Quiero ofrecerme de voluntario para apoyar a Ucrania.

Collins kayuma
Mar 12, 2022 11:17 AM

I am a Zambian citizen with a Diploma in Registered NURSING I am willing to support ukraine. I want to come to ukraine

David Dzidzikashvili
Sep 30, 2022 10:46 AM

The Ukrainian military and political leadership had been able turn the tide around and inflict devastating strategic losses on the Russian military. The Ukrainian military was able to quickly acquire the knowledge and expertise of the NATO & Western military equipment & weaponry in a very short timeframe and effectively use it against the Russian forces.
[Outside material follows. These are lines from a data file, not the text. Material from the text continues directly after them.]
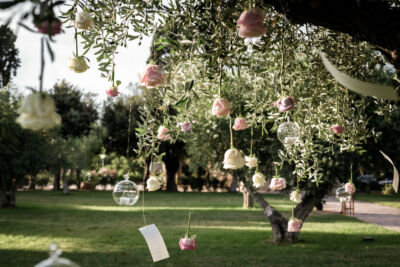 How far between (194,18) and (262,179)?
4.76ft

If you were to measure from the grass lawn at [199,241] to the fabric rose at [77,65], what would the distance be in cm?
583

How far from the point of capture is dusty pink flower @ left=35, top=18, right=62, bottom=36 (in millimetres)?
1183

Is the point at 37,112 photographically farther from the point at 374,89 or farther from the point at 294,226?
the point at 294,226

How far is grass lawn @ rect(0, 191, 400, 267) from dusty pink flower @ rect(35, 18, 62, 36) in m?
6.74

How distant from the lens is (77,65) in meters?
2.29

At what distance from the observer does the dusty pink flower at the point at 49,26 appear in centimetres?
118

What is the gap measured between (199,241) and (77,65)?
8101mm

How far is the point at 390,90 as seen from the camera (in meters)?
1.20

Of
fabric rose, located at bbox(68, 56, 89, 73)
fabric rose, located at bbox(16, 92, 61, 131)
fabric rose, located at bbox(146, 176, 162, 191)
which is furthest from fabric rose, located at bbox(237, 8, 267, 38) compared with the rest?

The results are impressive and visible: Within days the Ukrainians will be able to take over Lyman and further penetrate the Lugansk/Donbass southern frontlines. Strategically this is a very important move. However, will Putin who feels cornered with his military failures use the tactical (smaller scale) nuclear weapons to change the course of the war? With the sham & fraudulent referendums it feels like Putin is all in… In addition, with forced mobilization of Russians it feels like Putin is playing this game with the usual Russian military playbook he utilized in Georgia, Chechnya, Crimea and Syria: win the war by spilling more civilian blood, inflict more civilian terror, rapes, murder of civilians and keep committing more war crimes to further inflict more fear and terror.
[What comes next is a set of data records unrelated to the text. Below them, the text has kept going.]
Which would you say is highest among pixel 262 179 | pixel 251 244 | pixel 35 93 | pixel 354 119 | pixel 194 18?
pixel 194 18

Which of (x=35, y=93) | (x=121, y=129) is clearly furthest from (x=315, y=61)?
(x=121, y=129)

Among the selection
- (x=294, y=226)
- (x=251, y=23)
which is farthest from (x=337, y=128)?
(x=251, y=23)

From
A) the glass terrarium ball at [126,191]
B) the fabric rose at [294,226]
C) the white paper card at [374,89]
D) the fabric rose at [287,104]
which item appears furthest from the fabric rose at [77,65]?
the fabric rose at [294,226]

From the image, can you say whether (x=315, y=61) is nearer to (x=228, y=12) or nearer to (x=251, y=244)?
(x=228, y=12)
At this point the NATO nations should issue more direct and stricter threats against Putin and even consider closing the borders to the Russians who are escaping the country. These same people, the vast majority of them (75%-80%) supported Putin’s bloodshed and war vs Ukraine and now they also need to held responsible. They need to stay in Russia and protest there against Putin regime and not simply escape and claim refugee status, when they absolutely do not deserve it.
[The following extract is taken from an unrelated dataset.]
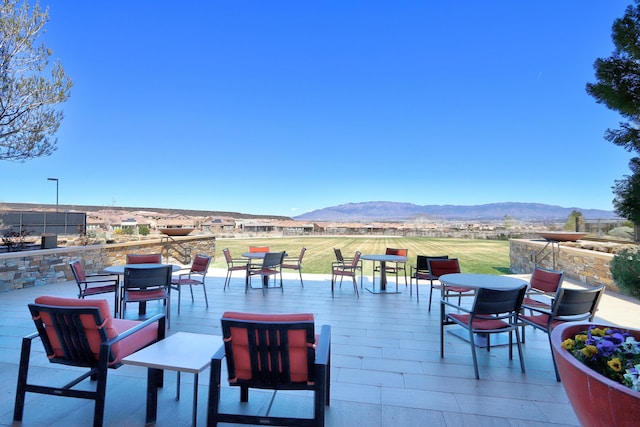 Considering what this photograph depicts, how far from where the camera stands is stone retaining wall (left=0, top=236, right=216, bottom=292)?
17.3 feet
This war will end within few months or a year at maximum, however it might be possible that Putin feeling cornered utilizes the tactical nukes (vs strategic). This will be the last and final nails to his coffin and this will forever destroy Russia as a country. If Putin makes this strategic mistake, there will be no more Russia and instead of it we will have 10+ more independent republics. And maybe this is the best outcome for the world peace and long-term stability on the Eurasian continent?